Jesus heals the hypochondriac by giving him two aspirins.
As it happens I do occasionally find myself in an Anglican service. The last time, it was indeed a Matins (which seems to have the advantage that there is no Kiss of Peace, even if there's not much spiritual nourishment either). The priest started chatting about something else - I think it was the fact that he had a sore throat - and then hastily turned to the "liturgy" and said "I suppose we'd better say this bit" before getting down to the script. Yes he did.
To be fair, he preached a rather good sermon - far better than many Catholic sermons I've heard, and probably just as orthodox. I can't remember what it was about, but that's fine. You're not supposed to remember. If you do, how can the priest use the same sermon next year?
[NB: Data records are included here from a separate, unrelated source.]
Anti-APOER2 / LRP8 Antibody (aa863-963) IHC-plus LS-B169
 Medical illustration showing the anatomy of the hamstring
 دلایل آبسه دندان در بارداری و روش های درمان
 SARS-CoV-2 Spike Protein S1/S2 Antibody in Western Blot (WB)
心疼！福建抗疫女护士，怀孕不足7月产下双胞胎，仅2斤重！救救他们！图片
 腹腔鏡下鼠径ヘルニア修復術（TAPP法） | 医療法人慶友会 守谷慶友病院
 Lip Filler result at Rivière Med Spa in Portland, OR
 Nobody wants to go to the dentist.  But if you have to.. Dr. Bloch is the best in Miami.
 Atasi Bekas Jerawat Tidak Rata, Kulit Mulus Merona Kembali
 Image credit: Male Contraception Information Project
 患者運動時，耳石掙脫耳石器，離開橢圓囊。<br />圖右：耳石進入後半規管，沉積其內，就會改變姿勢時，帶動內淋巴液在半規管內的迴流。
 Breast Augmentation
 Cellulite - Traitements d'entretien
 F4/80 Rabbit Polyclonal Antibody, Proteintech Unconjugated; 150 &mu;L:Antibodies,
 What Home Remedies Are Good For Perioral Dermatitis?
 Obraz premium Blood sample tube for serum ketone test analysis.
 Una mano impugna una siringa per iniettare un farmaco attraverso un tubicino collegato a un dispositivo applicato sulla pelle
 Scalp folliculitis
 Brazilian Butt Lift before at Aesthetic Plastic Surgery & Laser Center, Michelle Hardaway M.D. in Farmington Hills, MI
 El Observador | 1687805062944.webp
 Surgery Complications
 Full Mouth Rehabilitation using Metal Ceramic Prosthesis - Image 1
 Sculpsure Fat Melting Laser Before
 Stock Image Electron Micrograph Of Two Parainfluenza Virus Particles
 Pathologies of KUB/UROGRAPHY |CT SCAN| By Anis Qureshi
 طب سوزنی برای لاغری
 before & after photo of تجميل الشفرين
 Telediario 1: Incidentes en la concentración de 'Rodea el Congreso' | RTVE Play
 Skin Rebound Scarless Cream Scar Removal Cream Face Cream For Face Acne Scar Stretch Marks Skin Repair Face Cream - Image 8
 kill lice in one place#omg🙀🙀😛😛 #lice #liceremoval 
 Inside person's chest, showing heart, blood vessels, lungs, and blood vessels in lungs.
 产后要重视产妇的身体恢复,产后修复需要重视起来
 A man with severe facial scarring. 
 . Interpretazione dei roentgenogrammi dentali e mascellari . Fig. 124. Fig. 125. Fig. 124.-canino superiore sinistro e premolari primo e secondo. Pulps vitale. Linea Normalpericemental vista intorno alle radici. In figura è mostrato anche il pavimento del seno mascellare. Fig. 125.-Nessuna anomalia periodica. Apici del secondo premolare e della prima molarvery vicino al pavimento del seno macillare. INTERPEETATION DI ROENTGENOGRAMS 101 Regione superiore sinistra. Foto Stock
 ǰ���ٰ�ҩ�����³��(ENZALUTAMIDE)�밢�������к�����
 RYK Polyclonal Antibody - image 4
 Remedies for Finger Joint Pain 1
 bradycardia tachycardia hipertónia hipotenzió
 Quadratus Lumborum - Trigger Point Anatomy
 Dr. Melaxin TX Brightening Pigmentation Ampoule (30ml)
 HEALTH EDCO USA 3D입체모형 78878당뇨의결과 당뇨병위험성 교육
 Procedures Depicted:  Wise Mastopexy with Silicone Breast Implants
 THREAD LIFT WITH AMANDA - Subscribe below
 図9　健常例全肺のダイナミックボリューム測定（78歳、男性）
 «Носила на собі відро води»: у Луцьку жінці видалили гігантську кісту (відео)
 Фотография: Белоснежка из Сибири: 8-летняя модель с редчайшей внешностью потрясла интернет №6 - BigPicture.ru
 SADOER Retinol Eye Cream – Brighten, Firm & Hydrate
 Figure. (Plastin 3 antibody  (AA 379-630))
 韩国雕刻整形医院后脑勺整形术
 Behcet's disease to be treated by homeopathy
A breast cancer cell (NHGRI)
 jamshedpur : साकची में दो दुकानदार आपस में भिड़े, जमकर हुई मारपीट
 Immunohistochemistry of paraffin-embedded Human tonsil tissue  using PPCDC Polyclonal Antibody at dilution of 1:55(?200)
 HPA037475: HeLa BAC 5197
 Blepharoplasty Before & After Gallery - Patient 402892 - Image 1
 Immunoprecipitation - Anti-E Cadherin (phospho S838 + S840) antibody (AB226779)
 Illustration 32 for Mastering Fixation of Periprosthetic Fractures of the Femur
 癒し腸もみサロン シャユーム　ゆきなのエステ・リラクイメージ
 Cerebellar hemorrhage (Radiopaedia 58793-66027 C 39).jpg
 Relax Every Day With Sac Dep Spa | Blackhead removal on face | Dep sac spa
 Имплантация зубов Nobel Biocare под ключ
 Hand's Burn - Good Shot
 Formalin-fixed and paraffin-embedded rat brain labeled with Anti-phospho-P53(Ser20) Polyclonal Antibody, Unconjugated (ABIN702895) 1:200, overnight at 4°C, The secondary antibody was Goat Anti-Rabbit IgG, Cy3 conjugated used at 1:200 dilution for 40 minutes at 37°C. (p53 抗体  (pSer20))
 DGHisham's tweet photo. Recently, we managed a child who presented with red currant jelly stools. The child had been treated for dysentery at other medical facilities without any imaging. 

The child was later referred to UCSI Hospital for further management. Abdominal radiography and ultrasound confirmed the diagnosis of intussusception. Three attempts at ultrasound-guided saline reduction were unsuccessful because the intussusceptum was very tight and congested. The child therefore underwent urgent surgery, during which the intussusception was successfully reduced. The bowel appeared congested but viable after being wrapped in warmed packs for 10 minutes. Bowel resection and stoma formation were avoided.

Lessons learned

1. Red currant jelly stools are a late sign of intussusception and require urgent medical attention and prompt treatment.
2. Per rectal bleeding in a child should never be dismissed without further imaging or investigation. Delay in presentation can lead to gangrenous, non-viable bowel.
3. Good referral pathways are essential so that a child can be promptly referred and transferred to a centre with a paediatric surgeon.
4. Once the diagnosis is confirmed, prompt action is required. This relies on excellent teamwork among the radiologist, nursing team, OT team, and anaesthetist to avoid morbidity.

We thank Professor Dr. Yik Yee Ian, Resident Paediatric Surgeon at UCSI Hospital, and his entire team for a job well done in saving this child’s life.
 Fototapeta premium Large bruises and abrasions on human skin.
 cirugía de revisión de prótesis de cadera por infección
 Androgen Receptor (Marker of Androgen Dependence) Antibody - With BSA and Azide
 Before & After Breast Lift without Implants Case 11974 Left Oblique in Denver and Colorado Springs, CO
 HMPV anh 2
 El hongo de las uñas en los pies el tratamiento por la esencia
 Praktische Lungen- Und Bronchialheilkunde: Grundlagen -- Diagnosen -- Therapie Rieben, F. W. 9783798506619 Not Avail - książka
The classic way to make sermons more interesting.
The hymns... well, they were be produced by the I'm Sorry, I haven't a Clue team. In other words, we had unfamiliar words sung to the tunes of familiar hymns. I think the problem is that old (traditional) hymns are no longer considered acceptable - especially not ones about God smiting sinners - and so we have to have anodyne rubbish about how we welcome God's Light in when we're brushing our teeth.
This was a small village church, with a congregation of about 15. Afterwards, we went out and threw bricks through the windows of everyone who hadn't turned up. No, actually I made that bit up. However, it might have been better if the priest was in the habit of knocking on doors, saying "We haven't seen you in church lately, Mr Mohammed; have you been unwell?" Who knows what might have happened?
The St Tharg's Press Gang drags in a reluctant worshipper.